▸ **WHAT TO DO**
With no omissions, write out every record given below.

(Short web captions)
---------------

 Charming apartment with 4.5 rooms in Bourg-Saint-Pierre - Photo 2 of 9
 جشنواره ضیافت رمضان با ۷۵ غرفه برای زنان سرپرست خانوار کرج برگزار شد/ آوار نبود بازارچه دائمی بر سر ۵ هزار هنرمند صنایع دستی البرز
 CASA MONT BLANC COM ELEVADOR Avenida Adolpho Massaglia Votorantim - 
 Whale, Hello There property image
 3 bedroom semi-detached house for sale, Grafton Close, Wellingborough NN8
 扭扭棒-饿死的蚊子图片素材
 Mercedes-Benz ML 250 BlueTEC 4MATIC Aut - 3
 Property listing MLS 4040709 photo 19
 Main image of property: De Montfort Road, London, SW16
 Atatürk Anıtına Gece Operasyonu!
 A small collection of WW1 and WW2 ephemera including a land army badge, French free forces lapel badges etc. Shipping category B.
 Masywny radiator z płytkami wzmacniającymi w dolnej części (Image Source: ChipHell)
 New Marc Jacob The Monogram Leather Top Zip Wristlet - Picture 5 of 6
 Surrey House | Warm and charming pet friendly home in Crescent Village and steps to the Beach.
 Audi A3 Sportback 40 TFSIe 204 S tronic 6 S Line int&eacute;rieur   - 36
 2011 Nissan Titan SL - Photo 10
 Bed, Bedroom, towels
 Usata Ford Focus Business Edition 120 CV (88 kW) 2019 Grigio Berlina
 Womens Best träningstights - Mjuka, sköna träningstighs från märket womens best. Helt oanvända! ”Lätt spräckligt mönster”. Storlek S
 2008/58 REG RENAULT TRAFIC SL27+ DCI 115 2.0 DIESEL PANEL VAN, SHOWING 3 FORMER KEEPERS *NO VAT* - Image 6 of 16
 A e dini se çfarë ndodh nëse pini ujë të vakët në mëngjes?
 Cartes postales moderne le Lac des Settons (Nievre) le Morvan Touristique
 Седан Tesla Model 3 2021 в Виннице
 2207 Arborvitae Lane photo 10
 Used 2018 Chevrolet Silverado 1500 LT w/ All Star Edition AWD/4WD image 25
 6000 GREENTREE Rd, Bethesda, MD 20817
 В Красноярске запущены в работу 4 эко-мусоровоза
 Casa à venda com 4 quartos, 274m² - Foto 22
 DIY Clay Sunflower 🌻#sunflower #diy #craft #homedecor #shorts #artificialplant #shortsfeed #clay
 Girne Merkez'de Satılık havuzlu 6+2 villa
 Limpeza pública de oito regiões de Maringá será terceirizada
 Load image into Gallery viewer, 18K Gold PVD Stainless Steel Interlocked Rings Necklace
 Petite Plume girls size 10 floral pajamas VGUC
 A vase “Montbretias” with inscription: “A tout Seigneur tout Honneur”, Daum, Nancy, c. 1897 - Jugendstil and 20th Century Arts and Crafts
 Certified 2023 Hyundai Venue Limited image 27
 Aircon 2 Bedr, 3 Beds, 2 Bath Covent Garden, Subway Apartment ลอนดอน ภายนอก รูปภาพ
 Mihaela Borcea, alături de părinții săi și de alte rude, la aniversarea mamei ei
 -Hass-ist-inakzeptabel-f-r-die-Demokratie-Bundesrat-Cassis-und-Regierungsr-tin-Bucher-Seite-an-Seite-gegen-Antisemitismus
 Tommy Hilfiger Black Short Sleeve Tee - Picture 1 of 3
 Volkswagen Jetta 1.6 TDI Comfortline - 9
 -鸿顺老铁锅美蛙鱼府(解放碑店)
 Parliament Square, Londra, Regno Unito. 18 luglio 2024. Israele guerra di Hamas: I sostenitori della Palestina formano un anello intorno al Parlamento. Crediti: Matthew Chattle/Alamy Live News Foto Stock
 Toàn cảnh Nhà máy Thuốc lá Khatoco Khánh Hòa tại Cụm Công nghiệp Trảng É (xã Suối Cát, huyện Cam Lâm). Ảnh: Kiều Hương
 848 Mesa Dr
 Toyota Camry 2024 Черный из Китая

---------------

▸ **WRITTEN RESPONSE**
 Charming apartment with 4.5 rooms in Bourg-Saint-Pierre - Photo 2 of 9
 جشنواره ضیافت رمضان با ۷۵ غرفه برای زنان سرپرست خانوار کرج برگزار شد/ آوار نبود بازارچه دائمی بر سر ۵ هزار هنرمند صنایع دستی البرز
 CASA MONT BLANC COM ELEVADOR Avenida Adolpho Massaglia Votorantim - 
 Whale, Hello There property image
 3 bedroom semi-detached house for sale, Grafton Close, Wellingborough NN8
 扭扭棒-饿死的蚊子图片素材
 Mercedes-Benz ML 250 BlueTEC 4MATIC Aut - 3
 Property listing MLS 4040709 photo 19
 Main image of property: De Montfort Road, London, SW16
 Atatürk Anıtına Gece Operasyonu!
 A small collection of WW1 and WW2 ephemera including a land army badge, French free forces lapel badges etc. Shipping category B.
 Masywny radiator z płytkami wzmacniającymi w dolnej części (Image Source: ChipHell)
 New Marc Jacob The Monogram Leather Top Zip Wristlet - Picture 5 of 6
 Surrey House | Warm and charming pet friendly home in Crescent Village and steps to the Beach.
 Audi A3 Sportback 40 TFSIe 204 S tronic 6 S Line int&eacute;rieur   - 36
 2011 Nissan Titan SL - Photo 10
 Bed, Bedroom, towels
 Usata Ford Focus Business Edition 120 CV (88 kW) 2019 Grigio Berlina
 Womens Best träningstights - Mjuka, sköna träningstighs från märket womens best. Helt oanvända! ”Lätt spräckligt mönster”. Storlek S
 2008/58 REG RENAULT TRAFIC SL27+ DCI 115 2.0 DIESEL PANEL VAN, SHOWING 3 FORMER KEEPERS *NO VAT* - Image 6 of 16
 A e dini se çfarë ndodh nëse pini ujë të vakët në mëngjes?
 Cartes postales moderne le Lac des Settons (Nievre) le Morvan Touristique
 Седан Tesla Model 3 2021 в Виннице
 2207 Arborvitae Lane photo 10
 Used 2018 Chevrolet Silverado 1500 LT w/ All Star Edition AWD/4WD image 25
 6000 GREENTREE Rd, Bethesda, MD 20817
 В Красноярске запущены в работу 4 эко-мусоровоза
 Casa à venda com 4 quartos, 274m² - Foto 22
 DIY Clay Sunflower 🌻#sunflower #diy #craft #homedecor #shorts #artificialplant #shortsfeed #clay
 Girne Merkez'de Satılık havuzlu 6+2 villa
 Limpeza pública de oito regiões de Maringá será terceirizada
 Load image into Gallery viewer, 18K Gold PVD Stainless Steel Interlocked Rings Necklace
 Petite Plume girls size 10 floral pajamas VGUC
 A vase “Montbretias” with inscription: “A tout Seigneur tout Honneur”, Daum, Nancy, c. 1897 - Jugendstil and 20th Century Arts and Crafts
 Certified 2023 Hyundai Venue Limited image 27
 Aircon 2 Bedr, 3 Beds, 2 Bath Covent Garden, Subway Apartment ลอนดอน ภายนอก รูปภาพ
 Mihaela Borcea, alături de părinții săi și de alte rude, la aniversarea mamei ei
 -Hass-ist-inakzeptabel-f-r-die-Demokratie-Bundesrat-Cassis-und-Regierungsr-tin-Bucher-Seite-an-Seite-gegen-Antisemitismus
 Tommy Hilfiger Black Short Sleeve Tee - Picture 1 of 3
 Volkswagen Jetta 1.6 TDI Comfortline - 9
 -鸿顺老铁锅美蛙鱼府(解放碑店)
 Parliament Square, Londra, Regno Unito. 18 luglio 2024. Israele guerra di Hamas: I sostenitori della Palestina formano un anello intorno al Parlamento. Crediti: Matthew Chattle/Alamy Live News Foto Stock
 Toàn cảnh Nhà máy Thuốc lá Khatoco Khánh Hòa tại Cụm Công nghiệp Trảng É (xã Suối Cát, huyện Cam Lâm). Ảnh: Kiều Hương
 848 Mesa Dr
 Toyota Camry 2024 Черный из Китая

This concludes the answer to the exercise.